- Directions -
Using the data below, output a verbatim copy of the lines between the one holding "t2 rénové et lumineux – 45 m² – saint-mandé" and the one holding "Get a bet reset", inclusive, without any pictures.

BEGIN The records

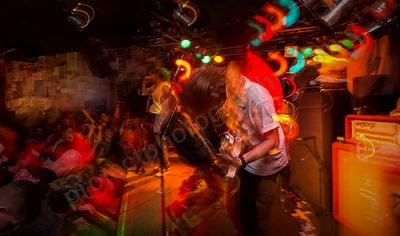turnstile_crowd_amp_wyliepic_19_1_19_05.png
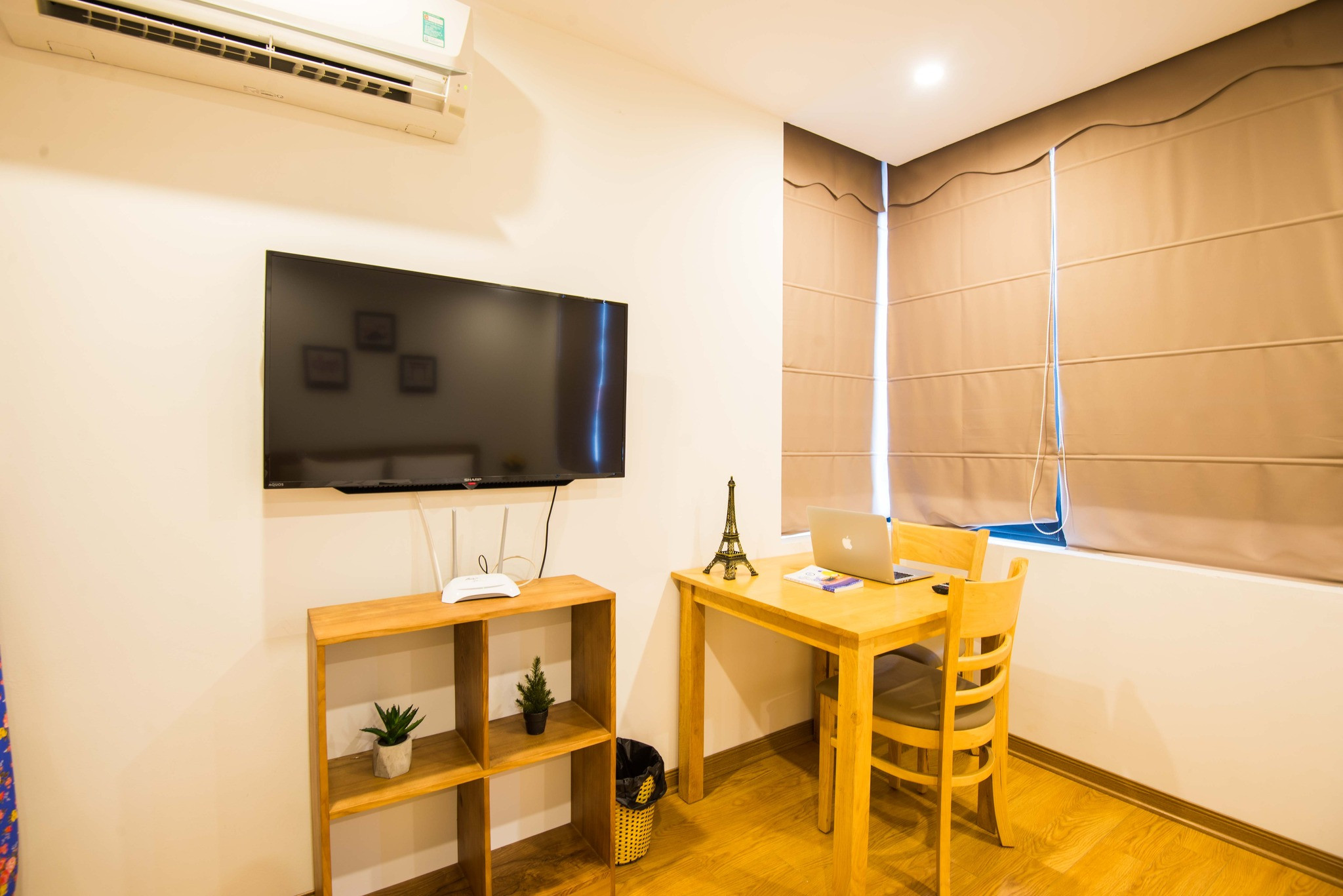 Căn Hộ 1 Phòng Ngủ Full Nội Thất Gần Đường Lớn Tại Linh Lang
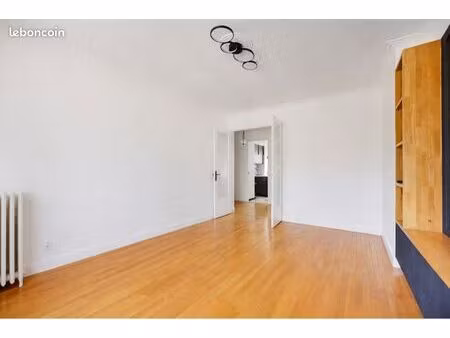 t2 rénové et lumineux – 45 m² – saint-mandé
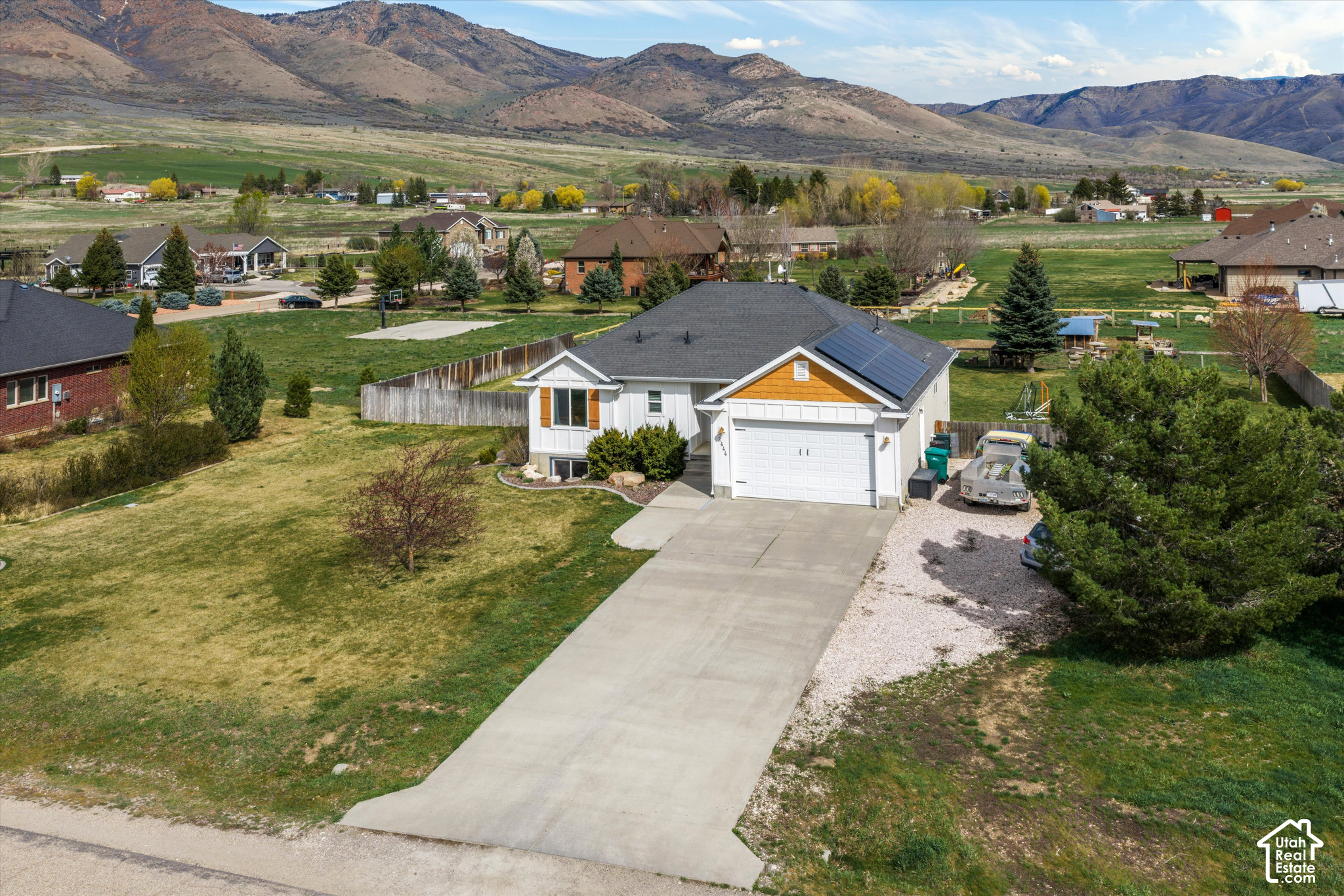 main property photo 46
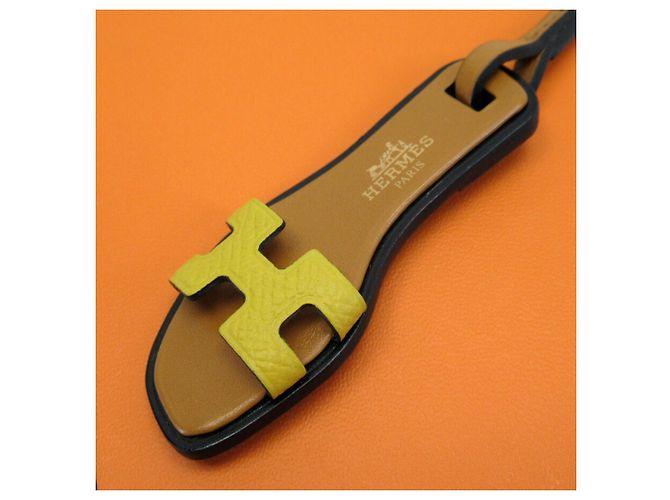 Charm Oran Nano Jones di Hermès Nero - vista 3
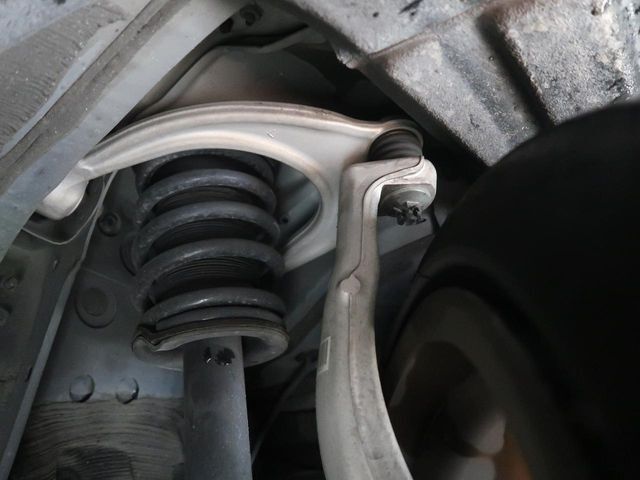 【ダウンサス】ローダウン済みのお車で、スタイリッシュな見た目となっております。車両の重心が下がる事で、走行時の安定性も向上します♪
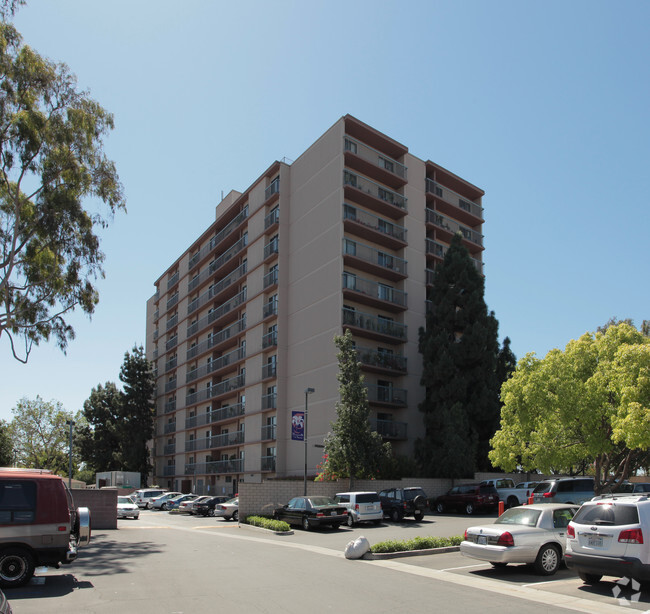 Building Photo - Norwalk Towers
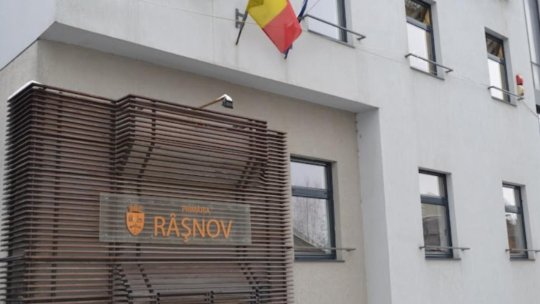 Unitățile de învățământ din Râșnov au fost dotate cu mobilier, materiale didactice și echipamente digitale printr-un proiect PNRR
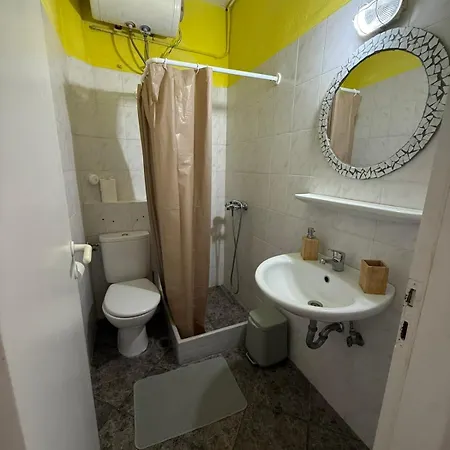 Mini House * Logaras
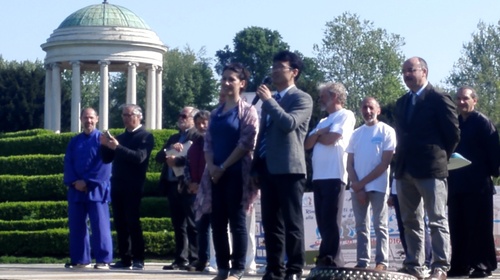 中国驻意大利米兰总领馆管海波领事在开幕式上致辞 中国驻意大利米兰总领馆管海波领事在开幕式上致辞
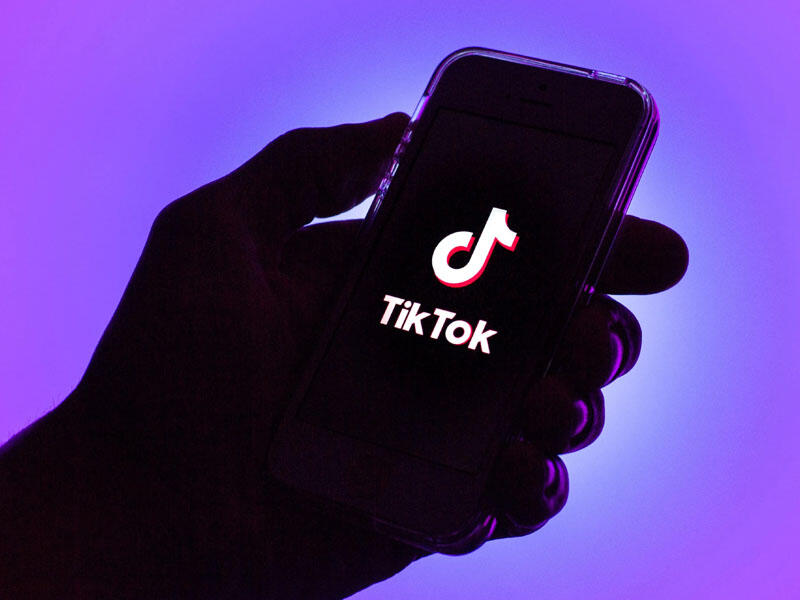 “TikTok” yüzlərlə əməkdaşını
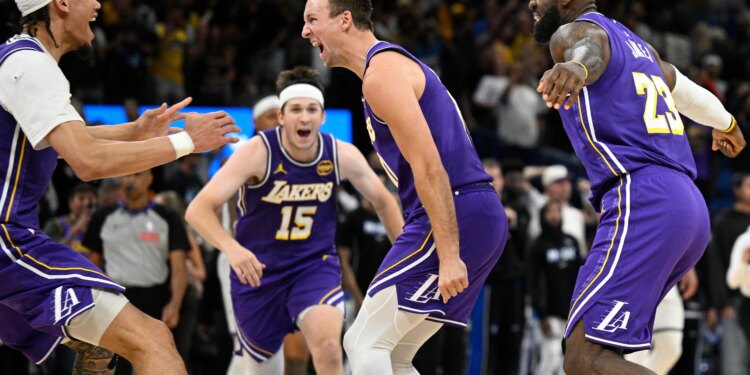 Get a bet reset up to $1,000 for Lakers vs. Pistons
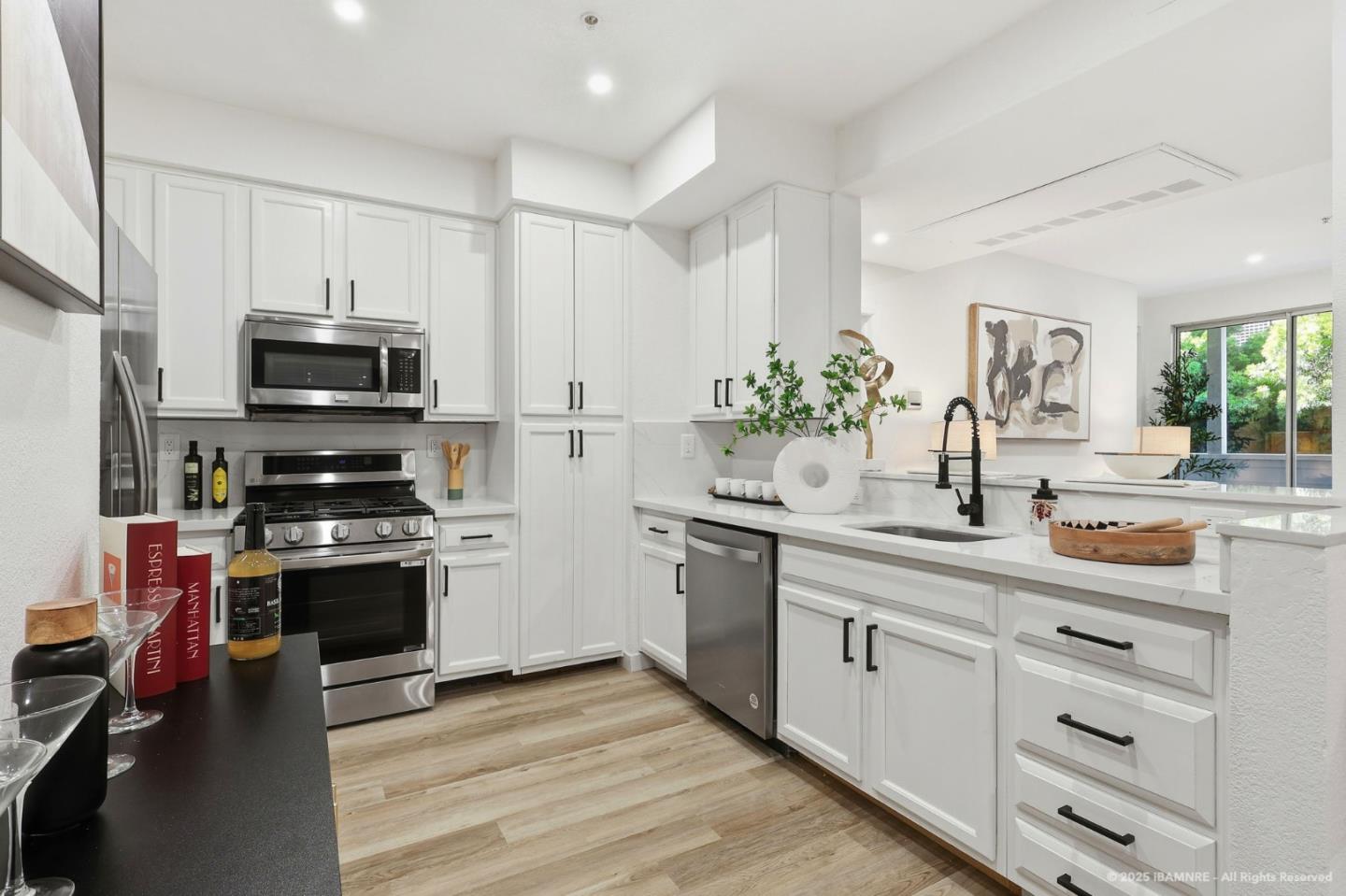 Detail Gallery Image 15 of 73 For 1400 El Camino Real #125,  South San Francisco,  CA 94080 - 2 Beds | 2 Baths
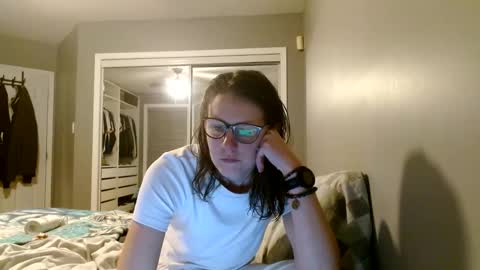 Snapshot of camforfunmoment chatting on November 2025 12:54:01 AM camforfunmoment online show from November 2025 12:54:01 AM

END The records

- Completed exercise -
 t2 rénové et lumineux – 45 m² – saint-mandé
 main property photo 46
 Charm Oran Nano Jones di Hermès Nero - vista 3
 【ダウンサス】ローダウン済みのお車で、スタイリッシュな見た目となっております。車両の重心が下がる事で、走行時の安定性も向上します♪
 Building Photo - Norwalk Towers
 Unitățile de învățământ din Râșnov au fost dotate cu mobilier, materiale didactice și echipamente digitale printr-un proiect PNRR
 Mini House * Logaras
 中国驻意大利米兰总领馆管海波领事在开幕式上致辞 中国驻意大利米兰总领馆管海波领事在开幕式上致辞
 “TikTok” yüzlərlə əməkdaşını
 Get a bet reset up to $1,000 for Lakers vs. Pistons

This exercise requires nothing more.